Cabe mencionar que, no Brasil, a segregação profunda faz com que as amizades e os laços familiares fiquem restritos a grupos raciais e de classe similares, eliminando qualquer possibilidade de ganhos financeiros, sociais e políticos por meio de conexões, exceto aquelas dentro do próprio círculo de relações das famílias negras ou brancas. Isso quer dizer que, se as famílias negras estão fora dos círculos de informação privilegiada com respeito a oportunidades de investimento, elas terão menores chances de adquirir ativos de maior rentabilidade. Ou seja, o racismo estrutural tem impacto direto na quantidade e no ritmo de acumulação de patrimônio.

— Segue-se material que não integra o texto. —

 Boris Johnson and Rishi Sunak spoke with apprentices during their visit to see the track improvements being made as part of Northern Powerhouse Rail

A população negra precisa aprender como e onde investir para atingir verdadeira liberdade econômica
Um estudo publicado em 2018 mostra que os negros que participam em programas especializados de educação financeira são 1.64 vezes mais propensos a investir no mercado de ações. A educação financeira poderia, por tanto, ser usada como solução holística para alavancar o potencial de investimento da população negra.
A população negra, além de ser mercado consumidor e a maior parte da força laboral, representa a expansão do mercado de investidores para a indústria de investimentos. Portanto, sem sombras de dúvidas a indústria deve estar atenta às características, comportamentos e demandas deste gigantesco mercado.

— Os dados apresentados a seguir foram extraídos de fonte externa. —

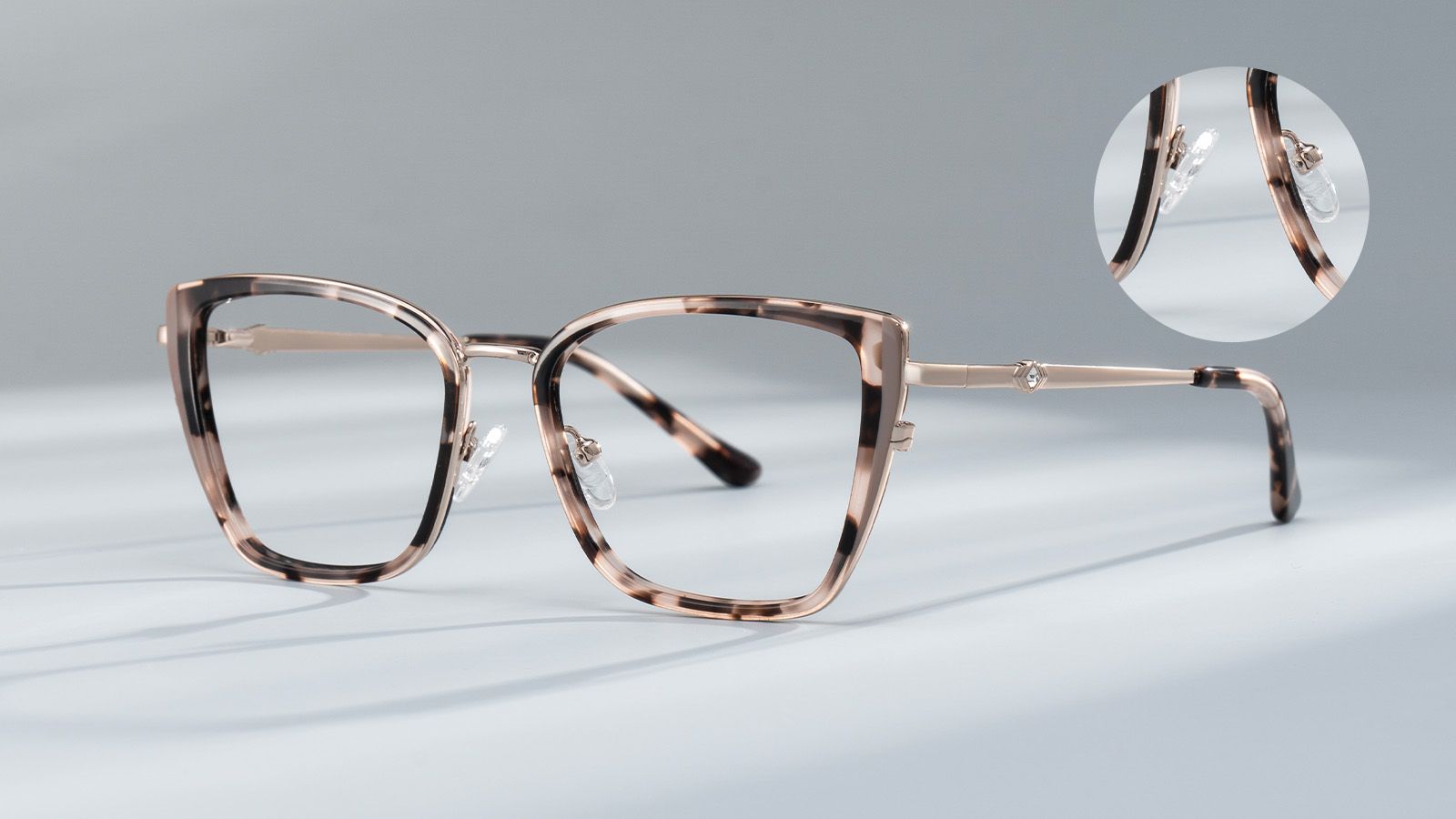 Eyeglass frames with a closeup on the adjustable nose pads that help prevent fog.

Entretanto, temos no Brasil uma séria falta de dados, pesquisas e ações dirigidas a construção de patrimônio pelas famílias. A POF não coleta informações completas sobre ativos e passivos, mas apenas relacionadas à renda e ao consumo das famílias. O Raio X do Investidor Brasileiro da Anbima não desagrega as informações por raça/cor. Mas temos na Pesquisa de Finanças do Consumidor dos EUA, um exemplo considerado “padrão ouro” das pesquisas de riqueza familiar.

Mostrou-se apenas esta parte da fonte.